Opinion | Covid-19 highlights how China’s economy will suffer if cadres don’t dare adapt policies to local conditions
- Local-level innovation is not incompatible with the implementation of the national Covid-19 policy framework
- In the longer run, local officials’ appetite for policy innovation, experimentation and adaptation holds the key to China’s economic dynamism
In January, China’s government forecast that the country’s economy – which, at the time, was experiencing a strong rebound after the initial pandemic slowdown – would grow by 5.5 per cent in 2022. But by the second quarter, unfortunately, the rapid spread of the Omicron variant of Covid-19 had forced the government to implement emergency containment measures in its most economically dynamic cities, including Beijing, Guangzhou, Shanghai and Shenzhen.

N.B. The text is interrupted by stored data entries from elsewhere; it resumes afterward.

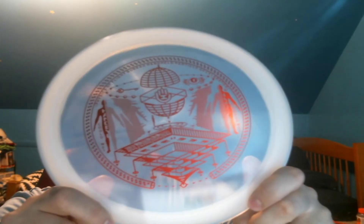Hello! I am here with the September 21 HandEye Supply box unboxing that I do every month. This month's box I believe only has one disc in it, and that is this — it's a 171 gram VIP Stag.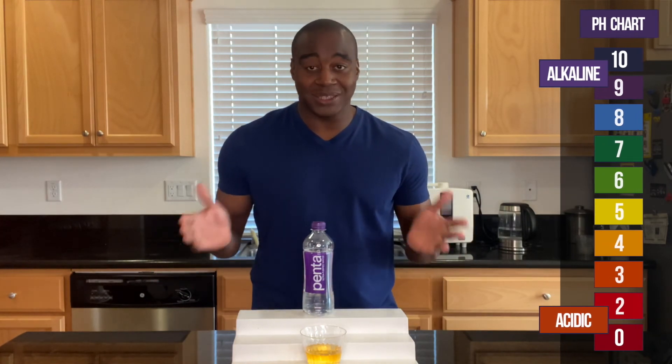So, there you have it. To see the full review I do on this water, I tested for three specific properties. Check out the full video — it's either somewhere around here, or it's in the link in the description. Thanks for watching, and I'll see you next video.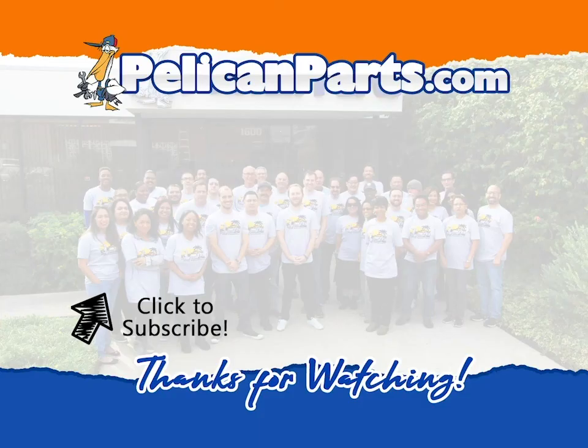Thanks for watching. Be sure to subscribe to our channel and check out another video in this series.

Even if they still have faith in the Chinese economy’s long-term prospects, too many entrepreneurs and investors – both foreign and Chinese – have become more cautious than ever in doing businesses there, at least in the short term. The effects of this shift are certain to persist, even after economic activities – which have not recovered, more than three months after the lockdown was lifted – return to their previous level.
What happened to the economy since March was avoidable. The fact is, despite being pursued only to a limited extent, local-level policy innovation helped Shanghai to minimise the pandemic’s economic impact in the two years preceding the March 2022 lockdown.
Given this, it is reasonable to consider the role that such innovation could play in mitigating damage to the business and investment environment caused by pandemic-containment measures.
Local-level innovation is not incompatible with the implementation of the national Covid-19 policy framework; on the contrary, failure to tailor policies to local conditions can weaken their impact.